È recente la notizia che la vitamina D3 ha dimostrato un’azione preventiva nei confronti dell’Alzheimer. La maggior fonte di approvvigionamento di questa vitamina resta la sintesi che avviene sulla pelle esposta al sole (la vitamina D3 è anche un ormone). Una vita condotta all’aria aperta è una delle migliori prevenzioni per la malattia.

 

Secondo sussurro.

Il latte vaccino - l’allevamento bovino è stato l’ultimo in ordine storico e i suoi formaggi sono quelli tipici delle civiltà contadine ed urbane - contiene circa 0,09 μg di Vit D3 ogni 100 ml; il latte di pecora circa il doppio, il triplo il latte di capra.

 

Un altro sussurro.

Uno studio presso la Mc Gill University in Canada ha recentemente messo in guardia dall’uso abitudinario dei navigatori satellitari per orientarsi. L’ippocampo, la parte del cervello che aiuta la navigazione spaziale, se poco stimolato finisce per mal funzionare, fino a casi limite che riguardano lo sviluppo di malattie degenerative, come il morbo di Alzheimer.

Verrebbe infatti meno il metodo orientativo geospaziale basato sulla memorizzazione di punti di riferimento sul terreno per disegnare una mappa mentale , richiamando quindi alla memoria i segnali. In definitiva, verrebbe meno quella funzione orientativa “creativa” che abbiamo utilizzato fin dall’origine della nostra specie e che utilizziamo ogni volta che ci troviamo in un posto nuovo.
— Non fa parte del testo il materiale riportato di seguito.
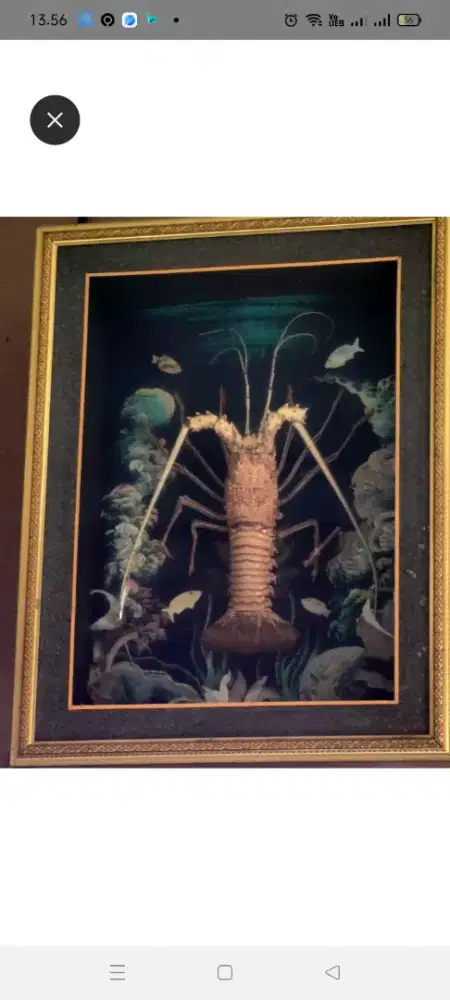Hiasan dinding Lobster Asli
Con l’uso del navigatore si attiverebbe invece l’altra funzione orientativa dell’uomo basata sulla ripetitività di un percorso, alla lunga memorizzato senza più pensare a dove si sta andando.

 

Ambito accessorio il navigatore, ultimo gadget di una vita che porta a ripetere incessantemente gli stessi gesti e gli stessi itinerari. Ancora una volta tutto l’opposto rispetto alla vita per cui eravamo nati, sempre mobili sul territorio, ogni giorno un luogo diverso. Ambito accessorio il navigatore che spiana le strade come forse il cervello…

 

E allora che sia finalmente l’elogio del pastore se, della vita che sprofonda nella culla delle nostre origini, questo mestiere è l’ultima testimonianza. Almeno per quella parte di noi fatta di cellule, ormoni, organi e corpo, che ci sia un elogio del pastore senza l’aiuto di alcuna poesia.